As the US economy has weakened and the price of gasoline has continued to climb, the idea of delivery fewer than six days a week has gained momentum. On this subject, some witnesses pointed out to the PRC that, although such a proposal could result in fewer mail carriers delivering mail every day, the same volume of mail would need to be sorted, transported, and stored.
Witnesses also emphasized that many consumers depend on receiving the mail six days a week. For example, Medco Health provided testimony regarding the delivery of prescription drugs to patients.
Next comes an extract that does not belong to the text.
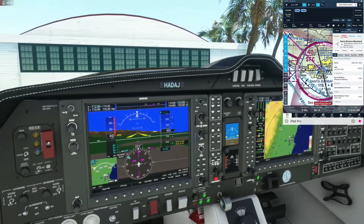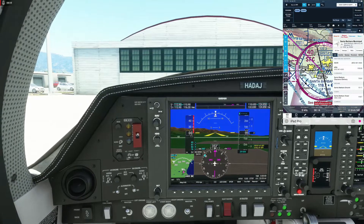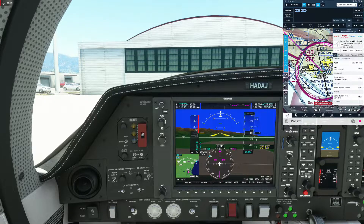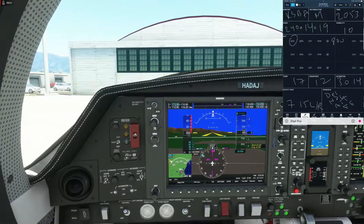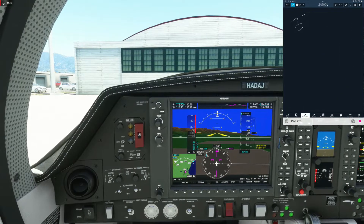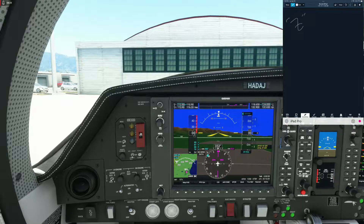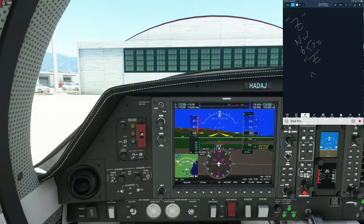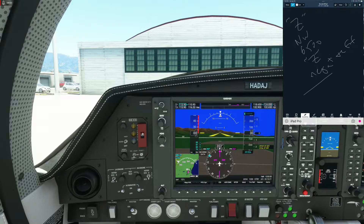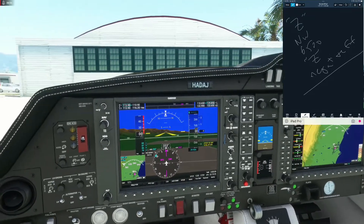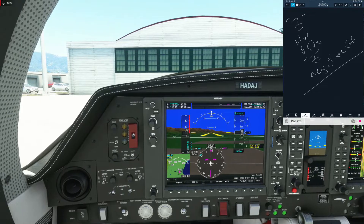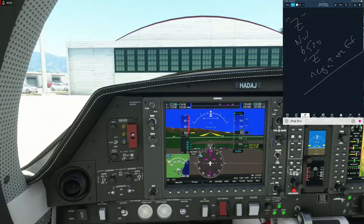Let's get the clearance delivery frequency, which is 132.9. We'll put that on COM2. So we have information Zulu, negative flight following — we can write down what we're going to say: going northwest, 6500, information Zulu, negative flight following. 132.9 is clearance delivery. Santa Barbara Delivery, Twin Diamond Hotel Alpha Delta Alpha Juliet, VFR departure northwest, 6500, negative flight following, with Zulu.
Without improvement in current delivery service times, Medco said their patients need delivery six days a week — particularly on Saturday — to avoid two consecutive days of non-delivery of mail.
DMA, joined by the Association of Postal Commerce and the Mailing and Fulfillment Services Association, has filed comments with the PRC on universal service and the postal monopoly, and awaits the PRC’s report.
USPS Organizational Changes
In further reforms at the USPS, Postmaster General John E. Potter announced key USPS Headquarters organizational changes designed to “strengthen our position in an extremely competitive marketplace.” Potter said that, with growth as a top priority, the USPS is bringing together product management, product development, and commercial sales in a new Shipping and Mailing Services division.
Potter also announced that he is consolidating all Intelligent Mail Barcode (IMB) activities under the direction of Deputy PMG and Chief Operating Officer Patrick Donahoe. Potter went on to state that the IMB will become the foundation of mail operations, including verification, acceptance, payment, processing, diagnostics, routing, transportation, and delivery.
Additionally, in accordance with PAEA, the USPS has submitted to Congress a Network Plan, which, among other issues, addresses the establishment of performance goals and the future of various aspects of the USPS.
In a July 24 hearing of the House Committee on Oversight and Government Reform Subcommittee on Federal Workforce, Postal Service and the District of Columbia, entitled “The Three R’s of the Postal Network Plan: Realignment, Right-Sizing, Responsiveness,” DMA Senior Vice President of Government Affairs Jerry Cerasale testified that the USPS should be allowed to operate as a business with increased flexibility over its equipment and offices.
Cerasale maintained that, as part of the compromise of PAEA, in addition to increased flexibility, it is imperative that the PRC, the Government Accountability Office (GAO), the USPS’s Inspector General, and Congress increase oversight to hold the Postal Service accountable to ensure that network adjustments are working as planned.